Anonymous pipes with a ring buffer of PIPE_BUF_SIZE bytes (fits in one kva page along with metadata, total sizeof(pipe_t) == 4096). Separate vfs_ops_t for read and write ends with independent reference counting.

  • Read end: Blocks if empty and write end is open; returns 0 (EOF) if all writers are gone
  • Write end: Blocks if full; delivers SIGPIPE and returns -EPIPE if all readers are gone
  • Poll support: read end reports POLLIN when data available or POLLHUP when writers gone; write end reports POLLOUT when space available or POLLERR when readers gone

memfd (Anonymous Shared Memory)

Source: kernel/fs/memfd.c

Anonymous memory-backed file descriptors, primarily used with mmap. Backed by physical pages allocated via PMM. Pool of MEMFD_MAX entries with reference counting. ftruncate allocates or frees physical pages. Write via the fd returns -ENOSYS (mmap is the intended interface).


Initialization

vfs_init() is called from kernel_main before sched_init:

void vfs_init(void)
{
    ramfs_init(&s_run_ramfs);
    ramfs_init(&s_tmp_ramfs);
    printk("[VFS] OK: initialized\n");
    initrd_register();
    procfs_init();
}

The ext2 filesystem is mounted separately by ext2_mount("nvme0") after the NVMe driver initializes the block device.


Design Decisions

No mount table. Filesystem backends are hardcoded by path prefix. This eliminates mount/unmount complexity and attack surface at the cost of flexibility. New filesystems require kernel code changes.

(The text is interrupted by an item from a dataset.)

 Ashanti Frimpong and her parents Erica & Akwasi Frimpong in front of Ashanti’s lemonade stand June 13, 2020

No inode cache. Each vfs_open re-resolves from the backend. The ext2 block cache (16-slot LRU) provides caching at the block level, but there is no VFS-level inode or dentry cache. This simplifies memory management and avoids cache coherency issues.

No root privilege bypass. DAC checks do not skip for uid 0. All elevated operations require explicit capabilities. This is a core Aegis design principle – see the capability model.

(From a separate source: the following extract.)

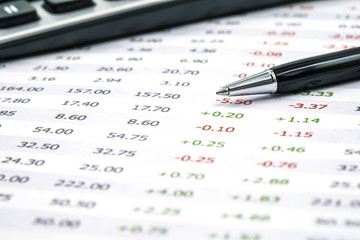 Accounting and finances with pen and calculator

Write offset in priv, not in vfs_file_t. The write callback takes no offset parameter. ext2 maintains write_offset in ext2_fd_priv_t, ramfs overwrites from offset 0, and console/pipe are stream-oriented. This avoids burdening every backend with offset tracking they may not need.

Byte-by-byte path matching. Path prefixes are checked with inline character comparisons rather than strcmp. The kernel has no libc, and this approach generates branchless comparison sequences that the compiler can optimize into word-sized comparisons.